En la parte de arriba de los pasillos estaban bodegas como Prada a Tope, esencias de torreznos y morcilla en mi cerebro y garrafa, los de Ramirez de Ganuza con su Erre punto (muy bueno, joder, leo que ha sido preseleccionado como finalista), y de algunos de sitios tan periféricos como la vega de Guadiana de Almendralejo que tenían para probar un Vigua que, en las notas de mi esposa, obtenía cariñosos apelativos. Lo cierto es que la mejor semblanza de la feria es la anotación a mano de mi santa en la guía de la muestra. Con un trazo tembloroso, tomado por el alcohol, en rojo pilot, y con esa letruja de apuntes de psicoestadística, sus etiquetas son las que me quedan de esta expedición por el mundo de los coloraos, de los pijos de bodega, de los modernos enterados y los habituales de las clases de cata y cursos de enología. Teníais que haber visto la fauna, queridos lads and peeps.

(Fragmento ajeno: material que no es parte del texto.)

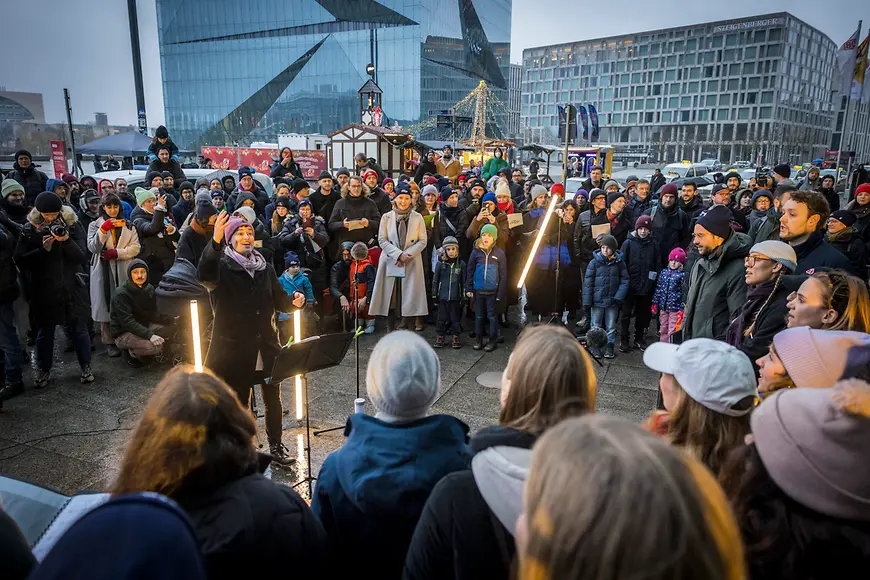 Lisa Paus und eine große Menschengruppe singen gemeinsam am Berliner Hauptbahnhof. 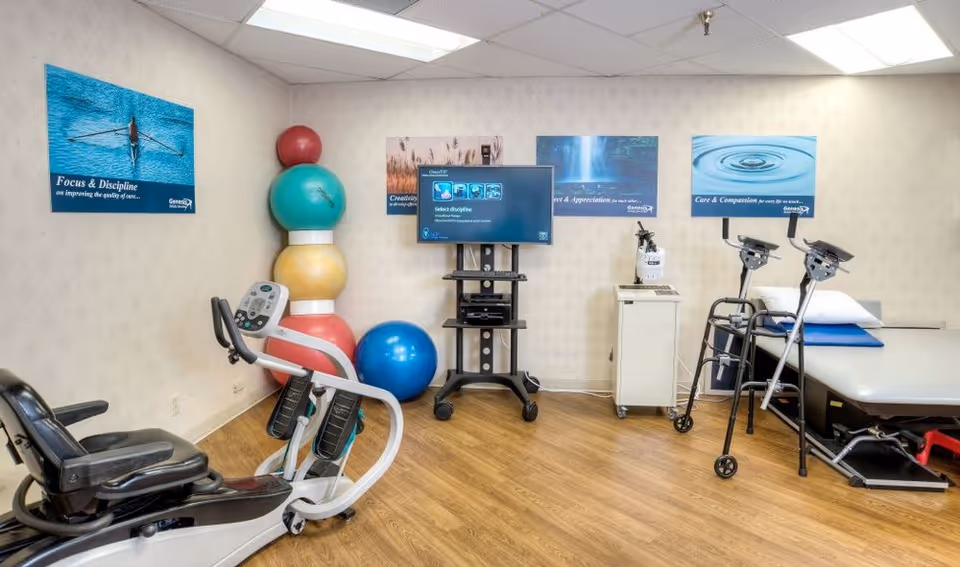 Physical therapy/exercise room with a recumbent bike, stacked therapy balls, a TV on a cart, walkers, and a treatment table.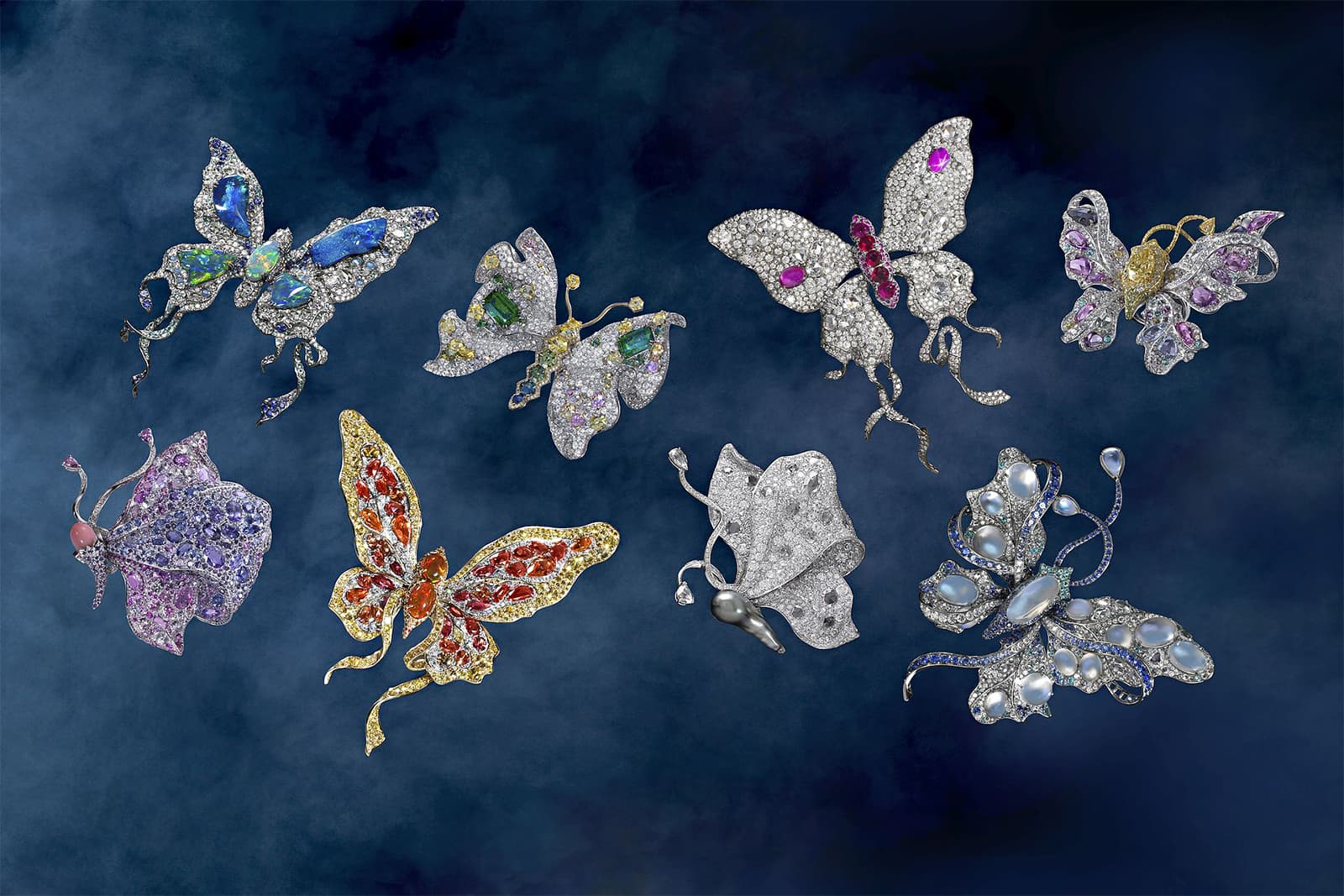  A selection of diamond, ruby, sapphire, garnet and coloured gemstone butterflies, crafted in titanium, by Anna Hu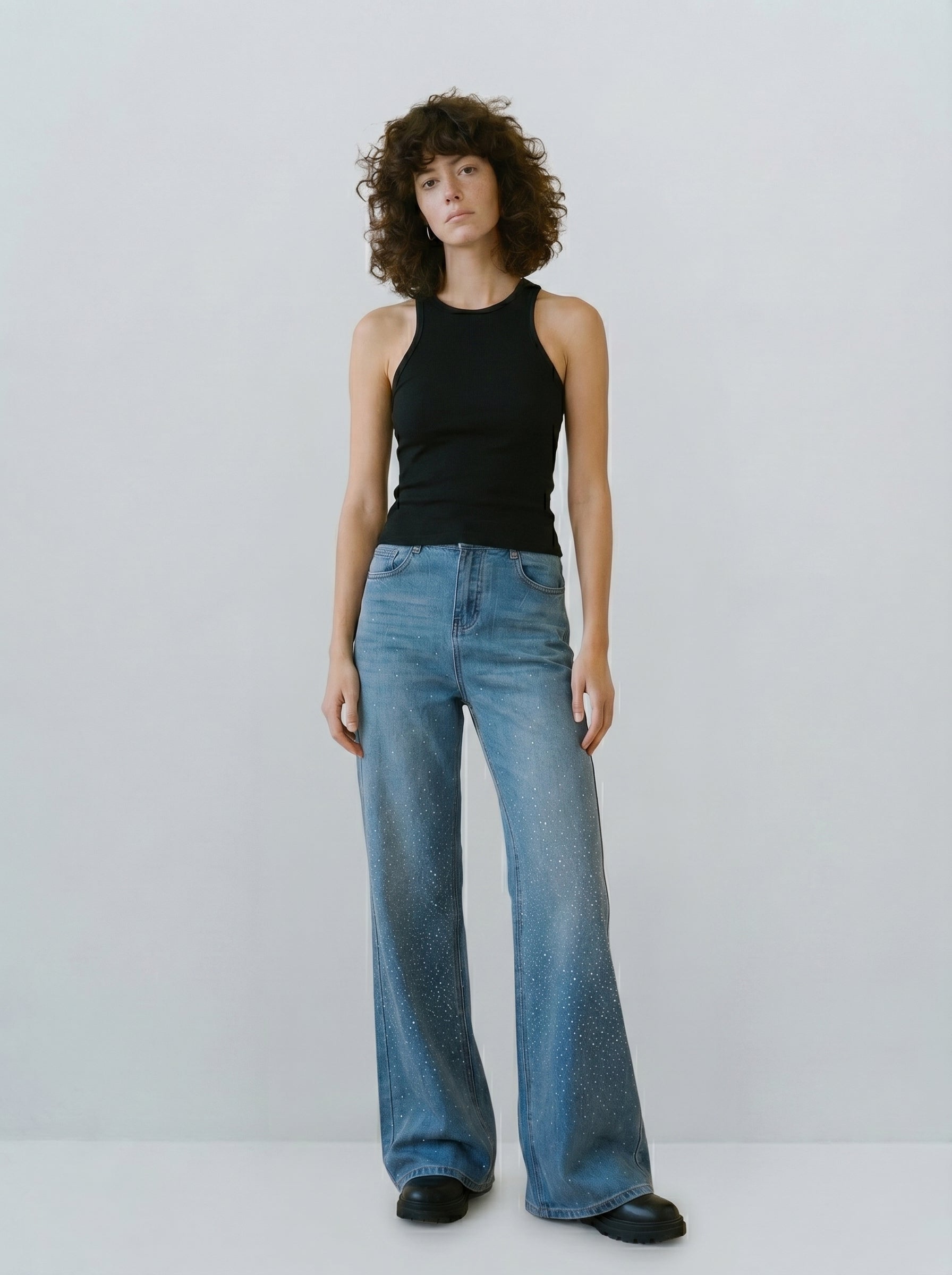 Rhinestone sparkle flare jeans on model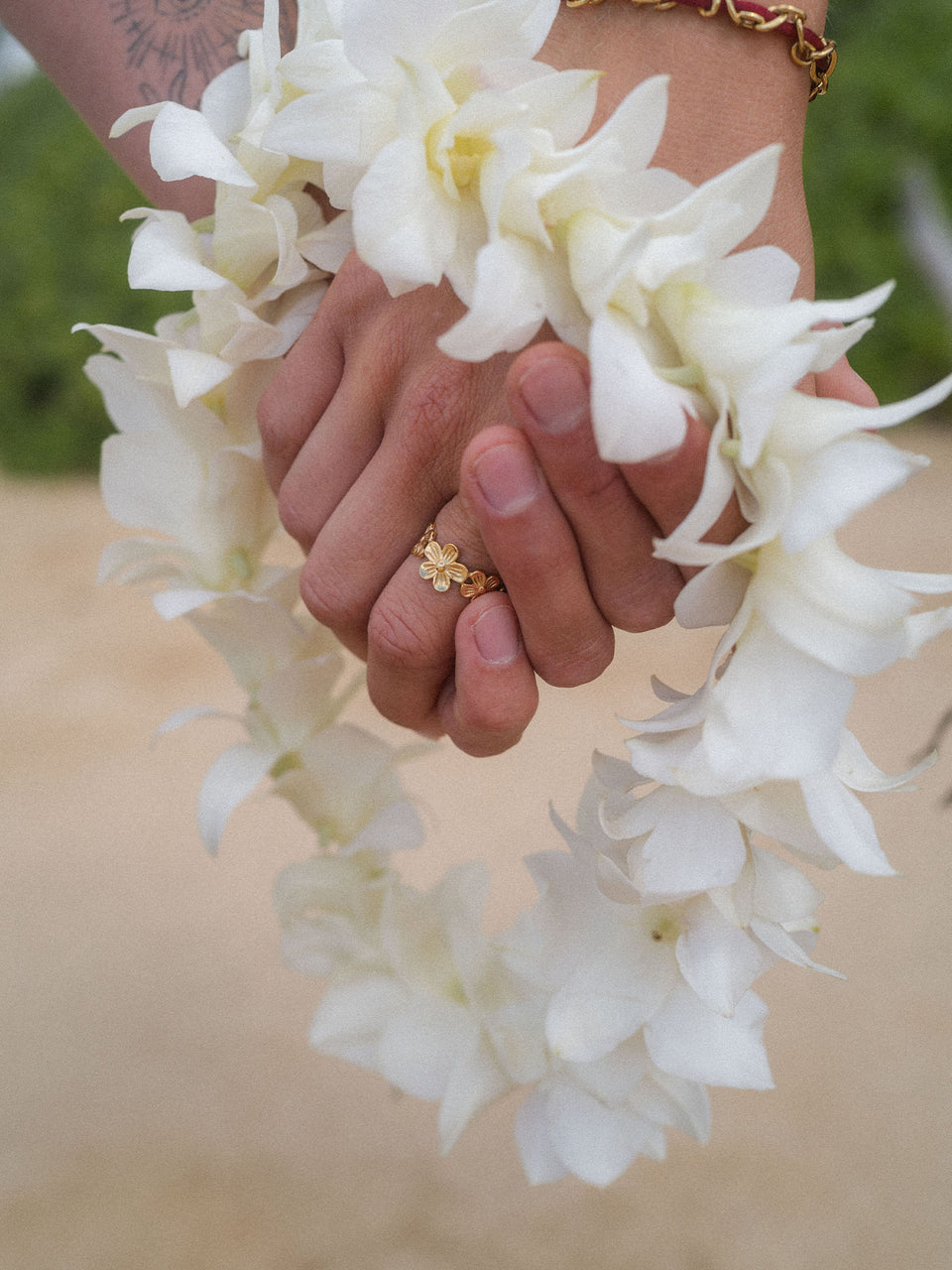 Hände mit zartem Ring und weißer Blumenleih, PURELEI inspiriert von tropischer Eleganz.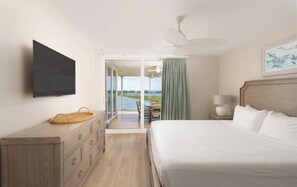 Ein Hotelzimmer mit Bett, Fernseher, Kommode, Nachttisch, Lampe und Blick ins Freie.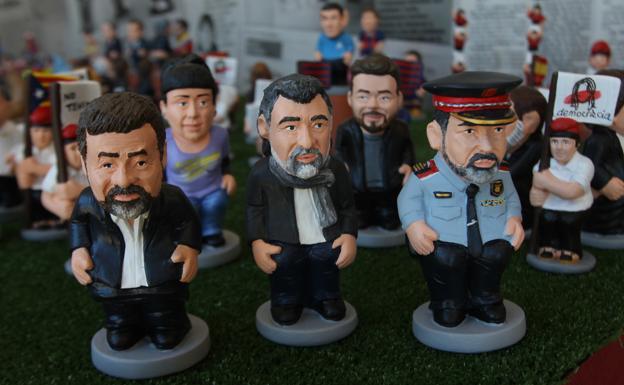 Figuras de Trapero y los 'Jordis'./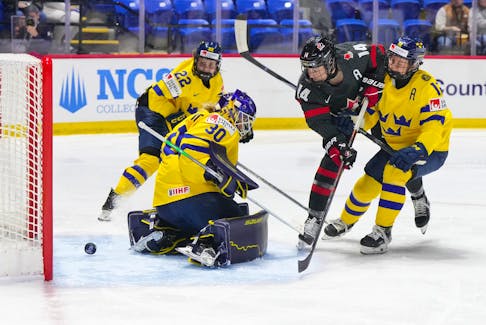 Canada's Renata Fast (14) scores on Swedish goalie Emma Soderberg during quarter-final action at the IIHF World Women's Championship on Thursday night in Utica, N.Y. Canada won 5-1. - Hockey Canada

En fila caían posteriormente (y no necesariamente en este orden, a quién coño le importaba ya el orden) el Baigorri navarro, los Azul de Piedra (Toro) y el Fariña vecino, un buenísimo Luberri, tuvimos una charla con un comercial que anotaba todo lo relacionado con nosotros, nos pedía email, teléfono… a ver. Aclaremos. Creo sinceramente que estaba mosca porque nos pegó un abrazo a voces el buen amigo Manolo Saco, con el típico discurso de ‘ten cuidado con estos dos que parecen unos despistados pero dominan el tema hasta etc’. El despiste se apoderó del expositor de Heredad Ugarte y acabó sacando para que probáramos su lote de Martín Cendoya (24 meses barril, reserva familiar).

Uno, consecuentemente, se siente sorprendido con el poder que se ejerce aplicando la máxima de la seguridad personal: estoy aquí con referencias, nadie me conoce, todos me tiemblan. Es incluso mejor que la aventura de ser un mistery guest, tal me contaba un día el buen Pepo entre grandes risotadas. Es ser un personaje de comedia británica donde yo que sé. Se me ha ido el hilo ya que estoy redactando estas notas aún bajo los efectos de mi mp3 destructor y el excelso Tintoralba dulce que nos hemos apretado para merendar.

Addendas:

Queremos desde estas líneas dar un sincero aplauso a los que nos dieron de libar el Peña La Rosa de Fdez Eguiluz, Luis Alegre de bodega homónima, el Eneas de Muga riojano, el Palacio Canedo (Prada a Tope), Tierra del Mañá (Sta Quiteria), el Tavera, un Castillo de Alhambra de Manzanares ciudareá bastante peleón el hijo de puta, el tempranillo de Señorío de Guadianeja, el Vigua 2010. Os merecéis mucho más. Incluso esto podría ser un divertido artículo en el que parodiase mis andanzas y un hipotético final en la cárcel tras perder seis puntos de carnet de conducir y una pelea con un retén de la policía local. Pero esto es un blog, no un confesionario.